Secondo l’Oxford English Dictionary, Smuts ha definito l’olismo come: «…la tendenza, in natura, a formare interi che sono più grandi della somma delle parti, attraverso l’evoluzione creativa».
C’è indubbiamente un residuo di metafisica in questo concetto; difatti se quella quota parte che l’evoluzione creativa aggiunge ex novo per formare l’intero non appartiene alla realtà fenomenica, ovvero non si presenta all’uomo nelle forme rilevabili e misurabili con i metodi di osservazione utilizzati perlopiù dalle scienze naturali, o ci troviamo di fronte ad un intero completo solo per i mediatori religiosi (gli unici secondo la dottrina in grado di cogliere entità immateriali) e spurio per gli altri, oppure l’evoluzione creativa rappresenta il tentativo attuale di reagire al centralismo democratico giustificato culturalmente dalla legge di conservazione (della massa, dell’energia, del moto, della carica elettrica) per la quale nulla si crea, nulla si distrugge e tutto si trasforma. In altre parole esprime l’esigenza politica di lottare affinchè sia riaffermata l’esistenza di poteri magici la familiarità dei quali è decisiva per assumere un ruolo di governante e non di governato.

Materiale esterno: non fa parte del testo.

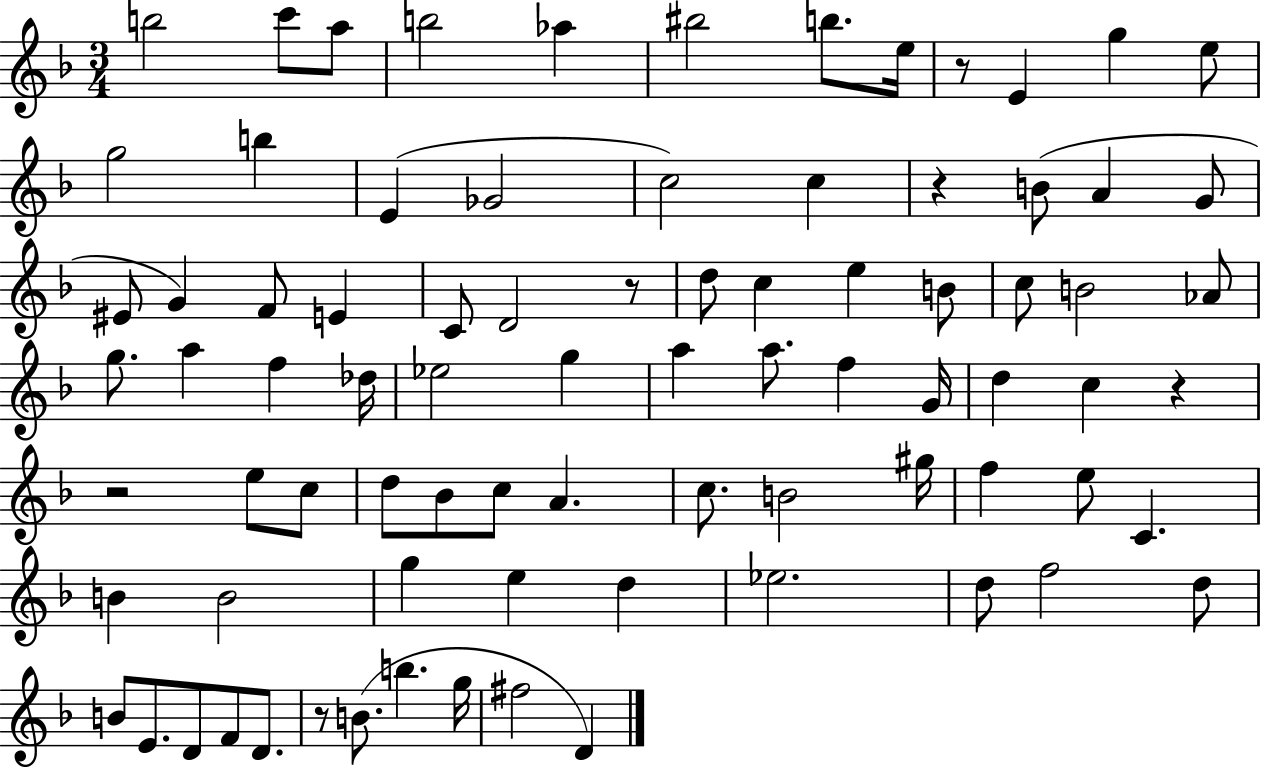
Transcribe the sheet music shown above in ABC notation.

X:1
T:Untitled
M:3/4
L:1/4
K:F
b2 c'/2 a/2 b2 _a ^b2 b/2 e/4 z/2 E g e/2 g2 b E _G2 c2 c z B/2 A G/2 ^E/2 G F/2 E C/2 D2 z/2 d/2 c e B/2 c/2 B2 _A/2 g/2 a f _d/4 _e2 g a a/2 f G/4 d c z z2 e/2 c/2 d/2 _B/2 c/2 A c/2 B2 ^g/4 f e/2 C B B2 g e d _e2 d/2 f2 d/2 B/2 E/2 D/2 F/2 D/2 z/2 B/2 b g/4 ^f2 D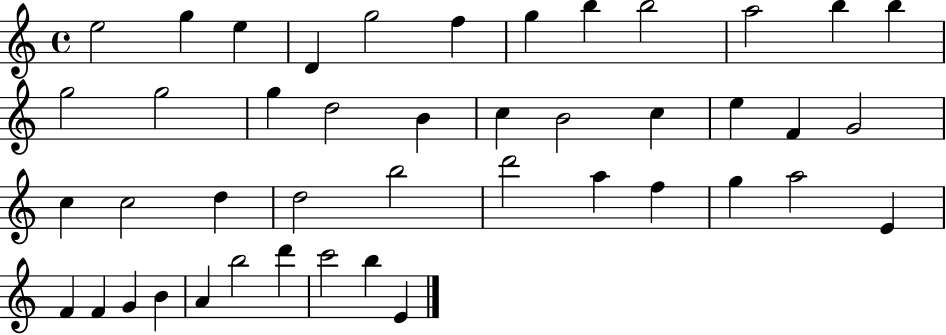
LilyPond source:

{
  \clef treble
  \time 4/4
  \defaultTimeSignature
  \key c \major
  e''2 g''4 e''4 | d'4 g''2 f''4 | g''4 b''4 b''2 | a''2 b''4 b''4 | \break g''2 g''2 | g''4 d''2 b'4 | c''4 b'2 c''4 | e''4 f'4 g'2 | \break c''4 c''2 d''4 | d''2 b''2 | d'''2 a''4 f''4 | g''4 a''2 e'4 | \break f'4 f'4 g'4 b'4 | a'4 b''2 d'''4 | c'''2 b''4 e'4 | \bar "|."
}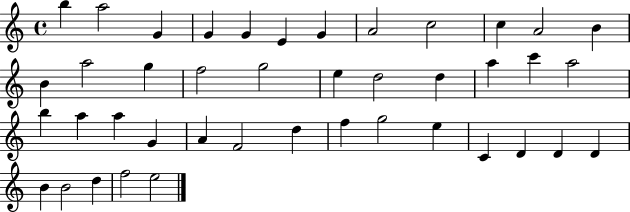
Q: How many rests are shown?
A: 0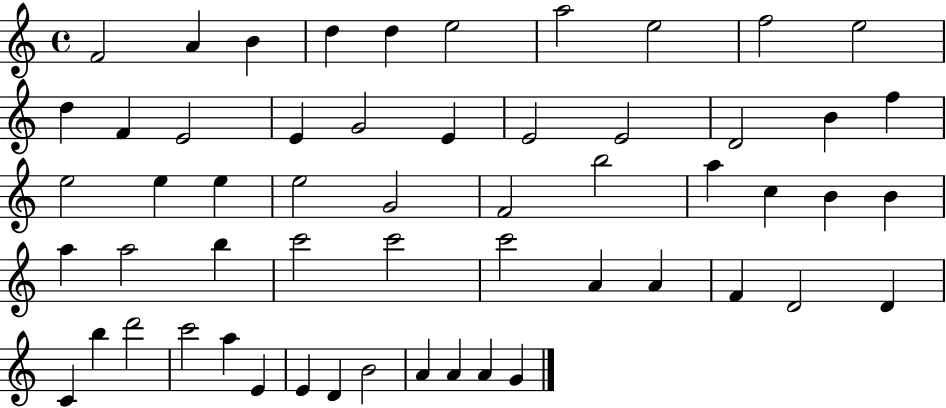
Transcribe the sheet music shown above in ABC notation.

X:1
T:Untitled
M:4/4
L:1/4
K:C
F2 A B d d e2 a2 e2 f2 e2 d F E2 E G2 E E2 E2 D2 B f e2 e e e2 G2 F2 b2 a c B B a a2 b c'2 c'2 c'2 A A F D2 D C b d'2 c'2 a E E D B2 A A A G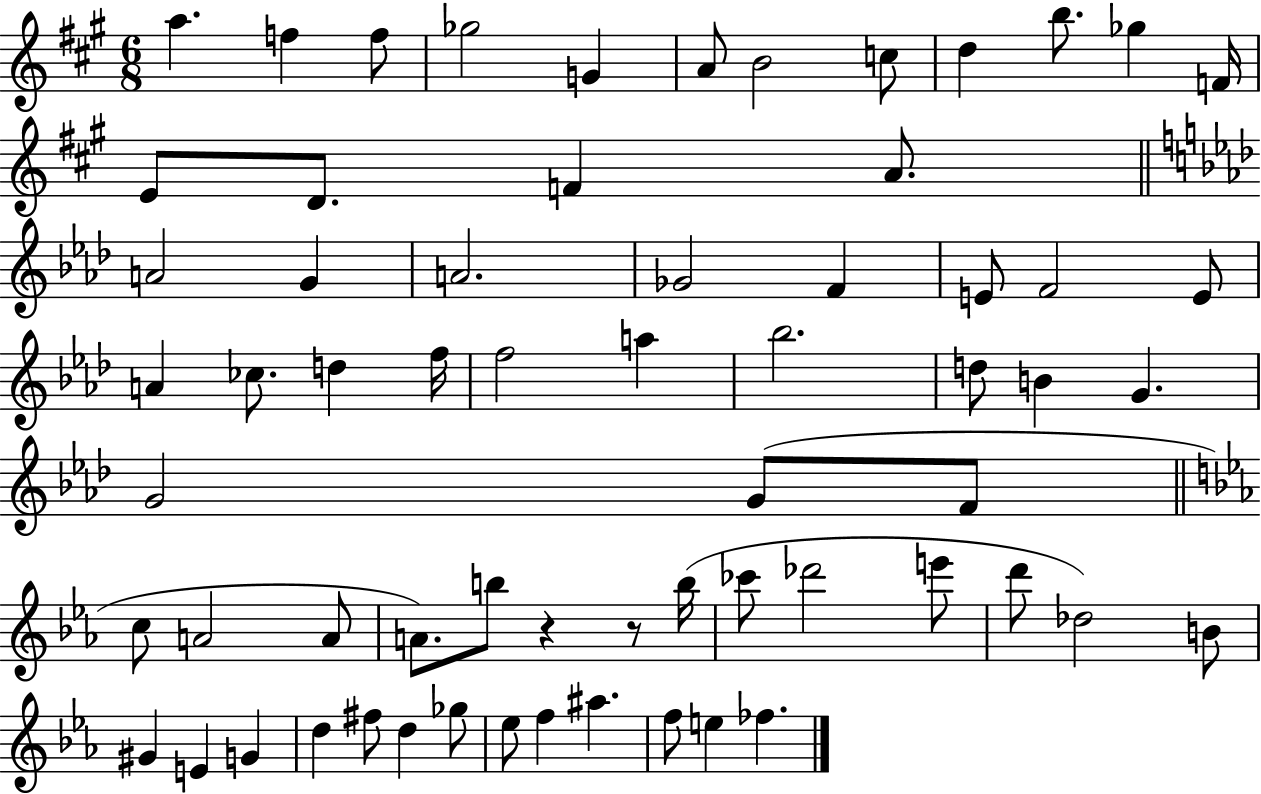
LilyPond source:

{
  \clef treble
  \numericTimeSignature
  \time 6/8
  \key a \major
  a''4. f''4 f''8 | ges''2 g'4 | a'8 b'2 c''8 | d''4 b''8. ges''4 f'16 | \break e'8 d'8. f'4 a'8. | \bar "||" \break \key aes \major a'2 g'4 | a'2. | ges'2 f'4 | e'8 f'2 e'8 | \break a'4 ces''8. d''4 f''16 | f''2 a''4 | bes''2. | d''8 b'4 g'4. | \break g'2 g'8( f'8 | \bar "||" \break \key ees \major c''8 a'2 a'8 | a'8.) b''8 r4 r8 b''16( | ces'''8 des'''2 e'''8 | d'''8 des''2) b'8 | \break gis'4 e'4 g'4 | d''4 fis''8 d''4 ges''8 | ees''8 f''4 ais''4. | f''8 e''4 fes''4. | \break \bar "|."
}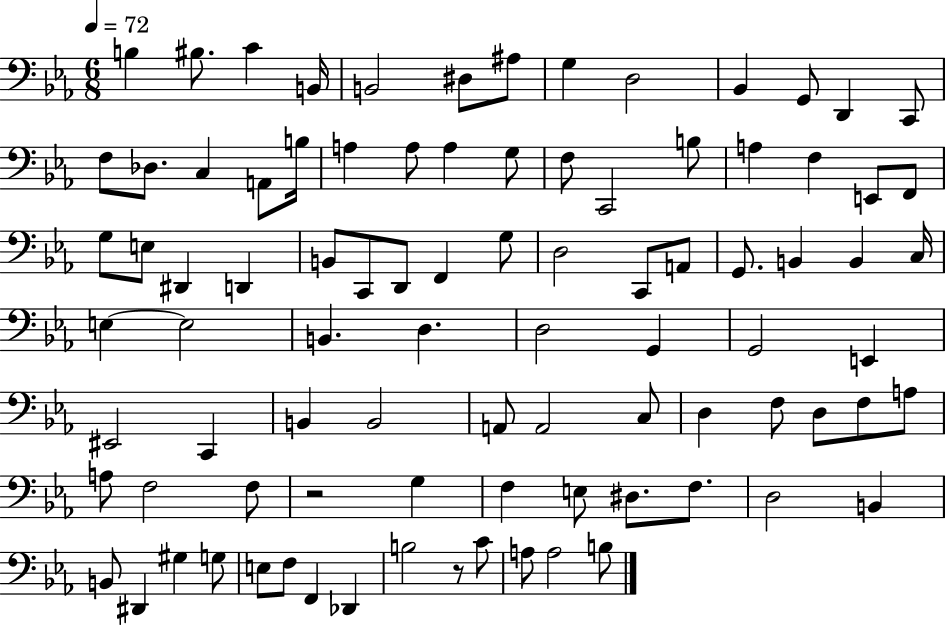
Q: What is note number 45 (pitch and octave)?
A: C3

Con ciò ben chiaro, va considerato anche che un quid eccedente la somma delle parti non è esclusivamente un artificio retorico con il quale parolai di corte si agitano per conservare lo status quo, ma è stato notato apparire nel sistema di fabbrica dove compaiono quote di produzione materiale che non è possibile ascrivere al singolo operaio, ma che grazie all’organizzazione (o razionalizzazione) vanno imputati all’intero reparto essendosi la quantità evoluta in qualità nell’organismo collettivo. Una tale tendenza è però individuabile solamente a partire dalla rivoluzione industriale, ciò che per essere inteso nell’evoluzione creativa implica una storicità del concetto di natura (mutante assieme alle condizioni e conoscenze umane) che non pare sottointesa nella definizione di Smuts.